Turkish President Racep Tayyip Erdogan has just declared a three month state of emergency in the wake of last week's attempted coup against his rule, and warned his critics to "stay out of our way" as he remolds Turkey in his image.  Earlier, he forbade all academics from leaving the country, a day after the education ministry fired tens of thousands of teachers and deans.  Almost a third of the military's top officers have been charged, and thousands have been arrested.  "We are witnessing a crackdown of exceptional proportions in Turkey at the moment," says Amnesty International, noting that any critics of President Erdogan (who once had his balls kicked by a horse) are in danger.

The US is moving to seize more than a billion dollars worth of assets from the Malaysian investment fund 1MDB.  The US Justice Department is not specifically naming Malaysian Prime Minister Najib Razak in wrongdoing, but court papers say his account allegedly received direct "misappropriated" funds, that financed lavish lifestyles of "multiple individuals including public officials".  This allegedly included the purchases of luxury real estate and rare Monet paintings.  In the past, Mr. Najib has denied any wrongdoing in the disappearance of money from 1MDB.

US Federal Agents surprised an HSBC bank executive at New York’s Kennedy airport as he tried to leave the United States; Mark Johnson is accused of an alleged front-running scheme involving a $3.5 billion currency transaction in 2011.  Mr. Johnson is HSBC's global head of foreign exchange cash trading in London.  He's charged alongside Stuart Scott, the bank's former head of currency trading in Europe; they're the first to be charged in the long-running probe.

The Trump Organization threw out a name to the world media in the Melania Trump plagiarism scandal.  Meredith McIver, a copywriter for Trump's business headquarters in New York, wrote a memo taking responsibility for lifting passages from US First Lady Michelle Obama's keynote speech at the 2008 Democratic National Convention, and putting them in Melania Trump's Republican convention speech on Monday night.  Trump claims that Ms. McIver will not be fired - but now there's an issue over why a staffer for Trump's business was participating in campaign work, which is still illegal even in the willy-nilly world of US campaign finance.

Fire crosses several storeys of a skyscraper in Dubai, supposedly no one was injured.

Big, giant sinkhole opens up after heavy rain in Russia's Altai region.

Israel's parliament passed a law that would allow it to impeach MPs who allegedly incite racism or support armed struggle against the state.  Critics say the heavy-handed law is flagrantly biased against Israeli Arabs and the Left.  Earlier this year, three Israeli Arab MPs were suspended for meeting with the families of Palestinians killed while carrying out attacks on Israelis.

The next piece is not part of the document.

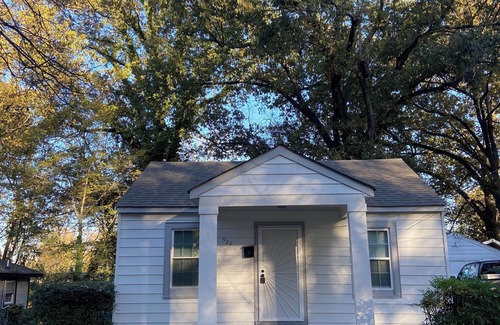 University District Cottage | Charming 2-bedroom cottage with AC in Memphis - WiFi included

Three French soldiers died when their chopper was shot down in Libya while carrying out "dangerous intelligence operations", according to President Francois Hollande. It marks the first time France acknowledged the presence of French Special Forces in Libya.

Ukraine is investigating the car bomb murder of a leading anti-Kremlin journalist.  44-year old Pavel Sheremet was a leading Russian TV news reader until 2014, when he resigned in protest of Russia's Ukraine policy and moved to Kiev.  The bomb went off as Mr. Sheremet drove the Subaru XV belonging to his wife Olena Prytula, owner of the Ukrayinska Pravda news website where he worked.  Officials called it a "brazen murder" and President Petro Poroschenko is asking for the US FBI's help with the investigation.

South Korea is on alert for possible North Korean "provocations" after some seriously retro Cold War stuff on Radio Pyongyang shortwave service.  Instead of contacting its agents on the Internet like everyone else does, Radio Pyongyang twice broadcast a person reading a mysterious series of number codes - something it hadn't done since before 2000.  Now, intelligence agents in Seoul are determining if the North is just faking, attempting to "wake up" long term sleeper agents, or trying to contact people who won't answer their emails.